Judge rejects Musk company’s claim that major brands illegally conspired against the platform
X has suffered a legal setback after a U.S. judge dismissed the company’s lawsuit accusing a group of advertisers and industry organizations of illegally boycotting the platform. The ruling is a significant blow for Elon Musk’s company because the case had been one of its most aggressive attempts to push back against the collapse in advertising revenue that followed Musk’s takeover of Twitter and its transformation into X.
The lawsuit argued that several major companies and advertising groups had conspired to deprive the platform of billions of dollars in revenue by withholding spending in a coordinated way. X tried to frame that alleged behavior as a violation of U.S. antitrust law, claiming the advertisers had acted against their own economic interests in order to damage the company. The judge, however, was not persuaded that the facts described amounted to an actionable competition claim.
That matters because the case was never just about one revenue dispute.

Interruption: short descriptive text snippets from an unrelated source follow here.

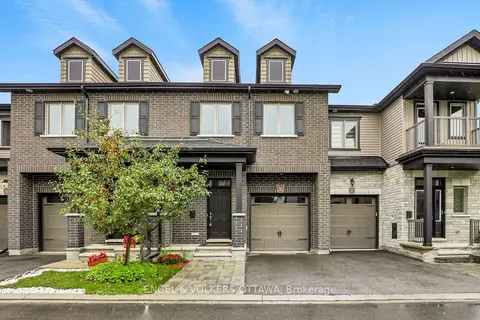 765 Dearborn Private W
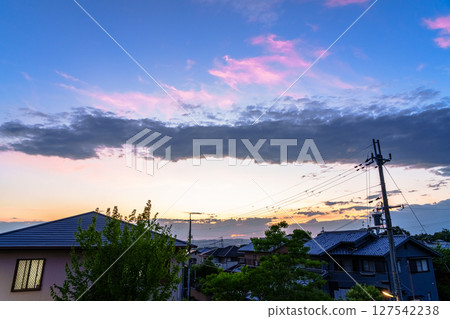 Beautiful sunset in downtown Nara ⑦ 127542238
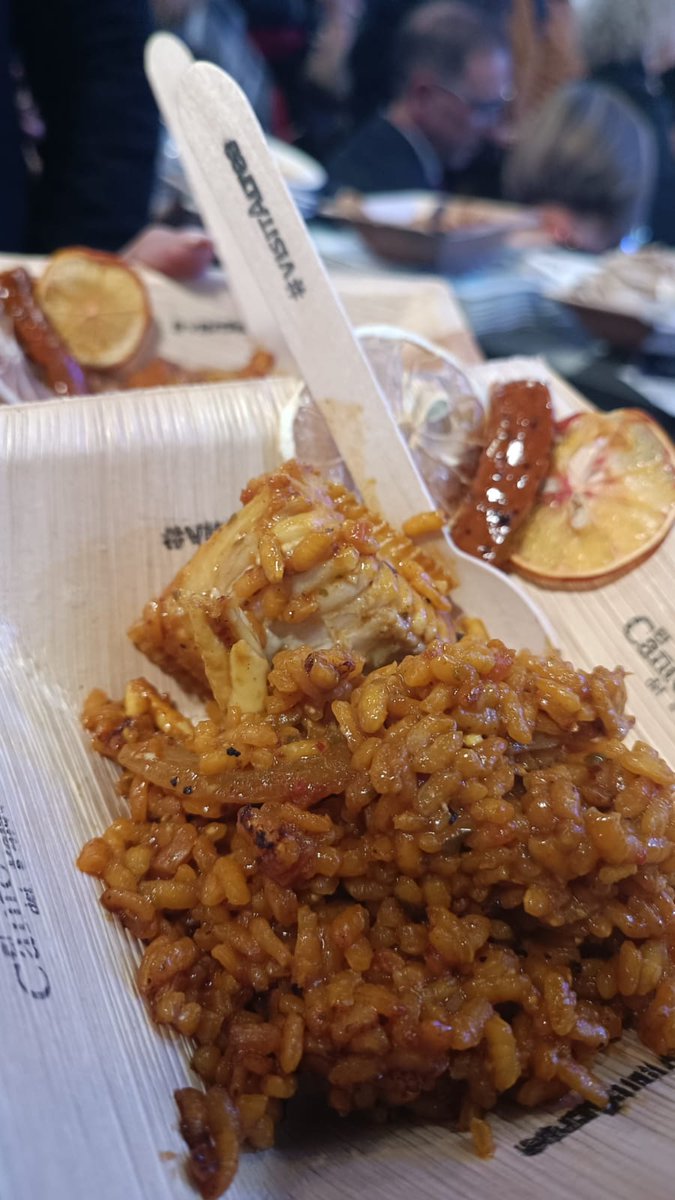 #FITUR2024 El chef Vicente Orozco del Restaurante El Cantó del Palasiet de Altea (Alicante) y colaborador de #LugaresyMás triunfa con un espectacular showcooking en FITUR con su propuesta de  'Paella de pepino de mar con raya y calabaza"
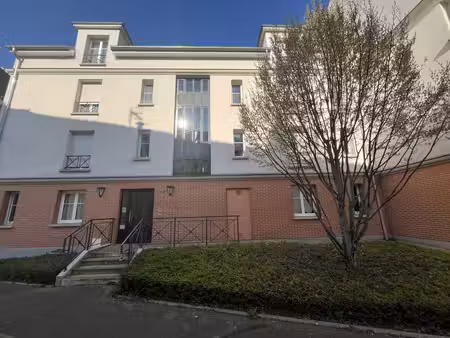 appartement t3 63m² - beauvais - 760.1.1.8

It was also part of a broader effort by Musk and X to recast advertiser retreat as unlawful collusion rather than as a reaction to the business, reputational and content moderation changes that followed his acquisition of the platform in 2022.
The court found the antitrust theory did not hold up
In dismissing the lawsuit, the judge concluded that X had failed to show the kind of harm required under federal competition law. More importantly, the court found that the structure of the alleged conspiracy itself did not amount to a valid antitrust claim. That is a severe outcome for X because it means the case was not merely rejected on a narrow procedural point. The court found the legal theory fundamentally insufficient.
The company had pointed to the role of a brand safety initiative connected to the advertising industry, arguing that its standards had been used as a tool to pressure companies away from spending on the platform. But the judge appears to have accepted the core defense offered by the companies involved: that they made independent business decisions about where to place advertising and that X had not shown otherwise in a legally convincing way.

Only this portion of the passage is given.